Capitulo 48 Operação Repatriação, resgate e Busca

Em setembro de 2001, a detetive Valquíria Van Dahl não passava de uma jovem de dezessete anos que almejava passar na escola de policiais. Naquele ano seus pais foram para os Estados Unidos, precisamente, Nova York para tirar umas férias.

Aos dezessete, Valquíria trabalhava como assistente de lutas com mãos livres, substituindo os professores de box, judô, jiu jitsu e kendô quando tinha a oportunidade. Desde que era pequena demonstrava interesse pelas lutas e esportes nesse quesito.
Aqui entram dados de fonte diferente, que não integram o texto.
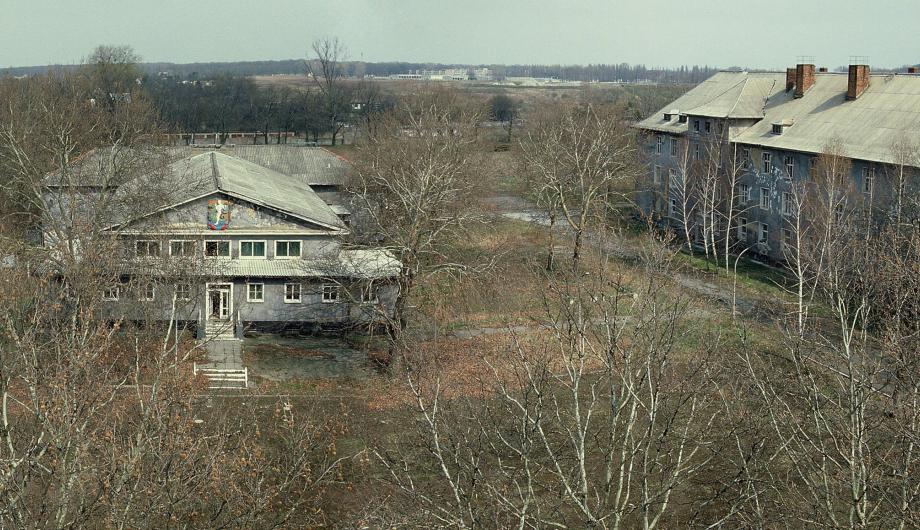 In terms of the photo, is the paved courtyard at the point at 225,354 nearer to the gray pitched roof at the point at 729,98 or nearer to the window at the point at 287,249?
the window at the point at 287,249

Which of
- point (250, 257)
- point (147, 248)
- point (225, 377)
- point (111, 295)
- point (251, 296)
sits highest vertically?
point (147, 248)

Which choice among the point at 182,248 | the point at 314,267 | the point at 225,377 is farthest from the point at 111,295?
the point at 314,267

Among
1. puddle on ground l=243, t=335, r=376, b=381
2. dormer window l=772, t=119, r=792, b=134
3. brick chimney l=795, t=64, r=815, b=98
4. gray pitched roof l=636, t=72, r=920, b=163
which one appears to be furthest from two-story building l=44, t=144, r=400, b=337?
brick chimney l=795, t=64, r=815, b=98

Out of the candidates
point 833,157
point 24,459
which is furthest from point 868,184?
point 24,459

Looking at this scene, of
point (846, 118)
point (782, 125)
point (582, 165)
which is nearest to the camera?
point (846, 118)

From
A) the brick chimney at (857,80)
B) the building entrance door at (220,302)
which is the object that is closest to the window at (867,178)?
the brick chimney at (857,80)

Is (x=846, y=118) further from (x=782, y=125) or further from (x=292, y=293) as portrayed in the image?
(x=292, y=293) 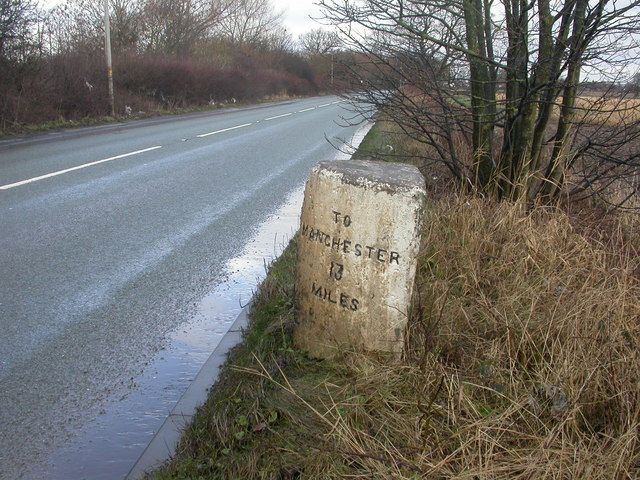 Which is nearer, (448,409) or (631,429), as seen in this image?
(631,429)

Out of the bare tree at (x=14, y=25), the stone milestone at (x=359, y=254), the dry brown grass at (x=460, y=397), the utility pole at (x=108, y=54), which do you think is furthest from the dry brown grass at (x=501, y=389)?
the utility pole at (x=108, y=54)

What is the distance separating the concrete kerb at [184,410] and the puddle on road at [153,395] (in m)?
0.08

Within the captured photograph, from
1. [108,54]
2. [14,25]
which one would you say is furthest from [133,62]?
[14,25]

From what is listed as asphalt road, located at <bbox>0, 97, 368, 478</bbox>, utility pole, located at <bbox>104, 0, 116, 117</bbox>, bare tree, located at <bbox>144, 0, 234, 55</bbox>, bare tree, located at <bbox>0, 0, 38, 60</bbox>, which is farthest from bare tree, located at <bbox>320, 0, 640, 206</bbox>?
bare tree, located at <bbox>144, 0, 234, 55</bbox>

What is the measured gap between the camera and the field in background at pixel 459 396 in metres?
2.57

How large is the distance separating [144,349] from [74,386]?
599 mm

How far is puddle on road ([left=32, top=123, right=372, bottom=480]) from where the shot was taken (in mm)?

Daquelas aulas tirava algumas rendas para economizar para o primeiro concurso da escola de policiais femininas.

Estava dando uma aula naquela manhã quando escutava o noticiário que dois aviões comerciais foram sequestrados por terroristas e arremessados contra dois edifícios do complexo World Trade Center, três mil pessoas morreram naquela manhã fatídica.

Mais tarde foi identificado que um daqueles aviões estavam seus pais, Kristopher Van Dahl e Hannah Van Dahl. Eles foram sequestrados por um grupo de terroristas liderado por um comerciante de armas. Segundo investigadores, a razão daquele atentado foi pelo domínio econômico, político e bélico das maiores potencias capitalistas ocidentais. O poder e o desenvolvimento dessa trindade seria hegemônico, liderado pelas três potencias Estados Unidos, Reino Unido e França.

Mesmo com a morte dos seus pais, a jovem não abandonou seu sonho. Pelo contrário, ela teve mais um motivo para passar e prender os assassinos dos seus pais e de todas aquelas pessoas. Valquíria passou no colégio e se formou como policial. Fez novos cursos para ingressar na área de direito, pós-graduações em perícia forense, medicina forense. Fez também um novo curso para detetive de homicídios e antes disso serviu como agente secreto em missões internacionais com vínculos terroristas. Participando de uma guerra para libertar alguns povos oprimidos.

Na manhã de quatro de abril de 2018, ela teve aquele sonho, ou talvez, pesadelo. Os corpos de seus pais perdidos, jamais encontrados, carbonizados. As autoridades estadunidenses haviam encontrado algumas semanas depois uma das duas caixas-pretas do Boeing 737 da Eartern América Airlines.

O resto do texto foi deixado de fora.